NEW YORK — The stock market’s slow bleed got a little worse Tuesday.
The decline is the result of squabbling in Washington over raising the nation’s debt limit and a government shutdown that has dragged on for more than a week. The stock market’s moderate losses in the first days of the shutdown have accelerated this week as the U.S. has moved closer to an Oct. 17 deadline for lifting the government’s borrowing authority.
Stocks opened flat, moved steadily lower and slumped in the final minutes of trading Tuesday. The loss added to a three-week decline that has knocked the Standard & Poor’s 500 index down 4 percent since it hit a record high on Sept. 18.
Swings in the market will likely increase the closer the U.S. gets to the debt deadline without a resolution, said Randy Frederick, Schwab Center for Financial Research Active Trading and Derivatives managing director.
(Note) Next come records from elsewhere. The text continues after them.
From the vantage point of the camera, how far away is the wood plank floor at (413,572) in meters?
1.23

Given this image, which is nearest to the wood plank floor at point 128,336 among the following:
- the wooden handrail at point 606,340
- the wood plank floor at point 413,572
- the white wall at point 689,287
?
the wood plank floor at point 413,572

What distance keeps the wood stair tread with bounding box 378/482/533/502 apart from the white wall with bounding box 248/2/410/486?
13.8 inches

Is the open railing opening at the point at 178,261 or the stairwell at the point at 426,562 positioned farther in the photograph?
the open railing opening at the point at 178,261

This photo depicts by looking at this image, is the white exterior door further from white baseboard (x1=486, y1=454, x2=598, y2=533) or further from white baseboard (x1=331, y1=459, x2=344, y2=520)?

“Virtually everyone expects that there will be some sort of a resolution,” Frederick said. “But I wouldn’t be surprised if it only came right before the last minute.”
The S&P 500 index dropped 20.67 points, or 1.2 percent, to 1,655.45. It was the biggest one-day drop for the index since Aug. 20. The declines were led by phone companies.
The Dow Jones industrial average fell 159.71 points, or 1.1 percent, to 14,776.53. The Nasdaq composite dropped 75.54 points, or 2 percent, to 3,694.83.
The yield on Treasury bills maturing in one month soared to 0.28 percent, hitting its highest level since the 2008 financial crisis. The yield was 0.15 percent the day before and close to zero at the beginning of October.
The yield, which rises as the price of the notes fall, has surged as managers of money-market funds become more wary of holding short-term government debt that matures shortly after the debt deadline.
The yield on the 10-year Treasury note was little changed at 2.63 percent.